ACO Secretary General Rebukes GAFCON, calls them Intentionally "ignorant" of Polity
Idowu-Fearon accused Global South Primates of acting autocratically
By David W. Virtue, DD
www.virtueonline.org
April 30. 2019
A war of words has broken out in the Anglican Communion between the Primate of the ACNA and the Secretary General of the Anglican Communion, with each publicly lashing out at the other over an "insulting" offer by the Archbishop of Canterbury to let ACNA Archbishop Foley Beach attend Lambeth 2020 as an "observer", treating him as a outlier and not an Anglican.
The Secretary General of the Anglican Communion, the Rt. Rev. Dr. Josiah Idowu-Fearon, publicly rebuked the Most Rev. Archbishop Foley Beach in an address at the Anglican Consultative Council's 17th meeting in Hong Kong, in which he said the crisis in the Anglican Communion "is being caused by autocratic Primates and bishops in the Global South who do not behave as Anglicans."

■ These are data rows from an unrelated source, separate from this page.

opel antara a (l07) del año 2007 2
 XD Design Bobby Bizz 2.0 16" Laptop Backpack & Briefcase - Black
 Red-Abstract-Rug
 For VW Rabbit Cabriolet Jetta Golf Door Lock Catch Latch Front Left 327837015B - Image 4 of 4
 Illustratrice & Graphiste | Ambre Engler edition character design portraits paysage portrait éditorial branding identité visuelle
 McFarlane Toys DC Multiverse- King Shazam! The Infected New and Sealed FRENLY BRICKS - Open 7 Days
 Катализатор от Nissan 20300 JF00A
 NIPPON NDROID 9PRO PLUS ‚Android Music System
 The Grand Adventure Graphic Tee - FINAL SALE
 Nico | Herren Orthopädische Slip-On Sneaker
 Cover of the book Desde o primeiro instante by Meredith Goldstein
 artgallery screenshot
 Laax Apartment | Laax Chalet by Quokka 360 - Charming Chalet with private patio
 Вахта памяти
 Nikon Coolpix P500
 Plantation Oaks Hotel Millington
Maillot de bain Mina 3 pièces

The Archbishop of Canterbury, Justin Welby, had issued the invitation to ACNA Archbishop Beach, who called the invitation an "insult."
Welby issued an invitation to denominational heads across the globe to attend the Lambeth conference and included Archbishop Beach among the invitees as "ecumenical observers.".
https://www.anglicannews.org/news/2019/04/archbishop-of-canterbury-invites-ecumenical-observers-to-the-lambeth-conference-2020.aspx
However, an incensed Beach told VOL that the "news" source only furthered a partisan, divisive and false narrative by wrongly asserting that he had left the Anglican Communion when, in fact, he has not.
"I have never left the Anglican Communion, and have no intention of doing so." He said he had transferred out of The Episcopal Church because that church had abandoned the teaching of the Scriptures. "I have never left (the Anglican Communion)."
Idowu-Fearon, a Nigerian, (the most conservative province in the Anglican Communion) fell fowl of his own province for selling out to the increasingly liberal Anglican Communion Office and the Church of England. He accused the GAFCON leaders of "deliberate ignorance": "When you see a Primate, when you see a bishop, who knows that this is what it means to be an Anglican church...and he pretends that he doesn't, that's very frustrating. How do we handle this to prevent a schism in our Communion?"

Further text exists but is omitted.